The features of constructing matrices with collecting elements for high-gradient magnetic separators with superconducting magnetic systems for treatment of weakly magnetic feedstock are discussed. It is shown that such matrices should have considerably smaller mass of ferromagnetic elements as against the earlier used matrices in order to minimize level of the magnetic interaction between the collecting elements and superconducting magnetic systems.

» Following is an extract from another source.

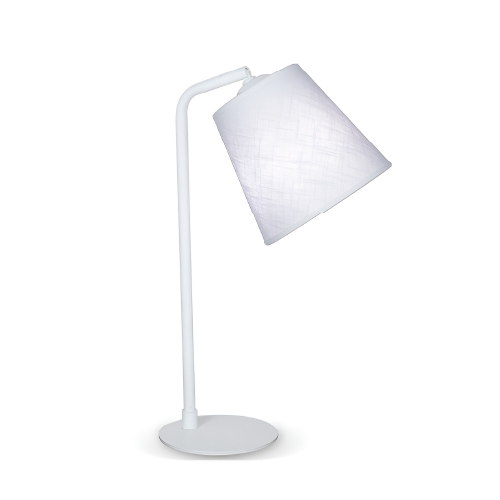 VELADOR BLANCO E27 C/PANTALLA LINO EGIPCIO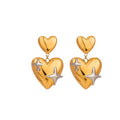 Double heart earrings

A few novel matrices with low ferromagnetic fill factor from 6 to 38% are proposed and manufactured, namely, the matrices with prismatic collecting elements, rod and plate-like matrices, as well as matrices made of composites with impregnations of small-size ferromagnetic concentrators on the collecting surface. Their magnetic force characteristics are calculated, and the results are presented in the form of graphs and magnetic charts of the working space of the matrices. The model cartridges with new type matrices are pretested in the static magnetic field of high-capacity electromagnetic installation at different densities of magnetic flux. It is shown that in the fields of the superconducting magnetic systems, it is possible to reach much higher magnetic forces than in the present-day industrial separators with high-capacity electromagnetic systems.

 

Acknowledgements: The present work is funded by the Ministry of science and higher education of the Russian Federation under the Agreement No. 14.604.21.0175 from 29 September 2017, ID RFMEFI60417X0175.

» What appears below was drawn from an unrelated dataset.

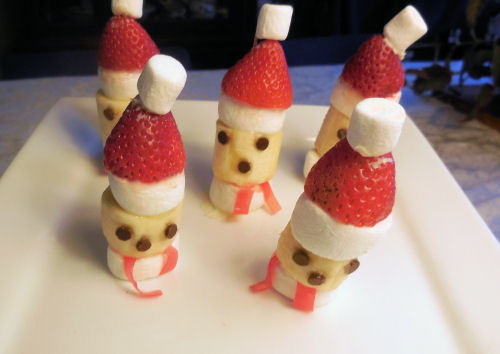 A plate with five "Santa Dogs" which is the name I gave to my epic fail DIY snack project.
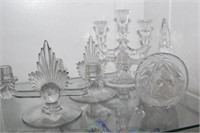 Pair Art Deco Crystal Candlesticks, Candelabra & C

For citation: Tagunov E.Ya., Izmalkov V. A., Puchkov V. A., Diev D. N. Features of constructing polygradient matrices for high-gradient separators with superconducting magnetic systems . MIAB. Mining Inf. Anal. Bull. 2019;(9):102-114. [In Russ]. DOI: 10.25018/0236-1493-2019-09-0-102-114.

Keywords

High-gradient magnetic separation, high-gradient magnetic separator, polygradient separator, collecting element, polygradient matrix, superconducting magnetic system.

Issue number: 9
Year: 2019
ISBN: 0236-1493
UDK: 622.778.621.928
DOI: 10.25018/0236-1493-2019-09-0-102-114
Authors: Tagunov E. Ya., Izmalkov V. A., Puchkov V. A., Diev D. N.

About authors: Е.Ya. Tagunov (1), Cand. Sci. (Phys. Mathem.), Assistant Professor, e-mail: tagunov@magnetite.ru, V.A. Izmalkov (1), Cand. Sci. (Eng.), e-mail: izmalkov@magnetite.ru, V.A. Puchkov (1), Cand. Sci. (Phys. Mathem.), e-mail: puchkov@magnetite.ru, D.N. Diev, Deputy Head of Laboratory, e-mail: dndiev@gmail.com, National Research Centre «Kurchatov Institute», 123182, Moscow, Russia, 1) Limited Liability Company «MAGNЕTITE Ltd», 121205, Moscow, Russia. Corresponding author: Е.Ya. Tagunov, e-mail: tagunov@magnetite.ru.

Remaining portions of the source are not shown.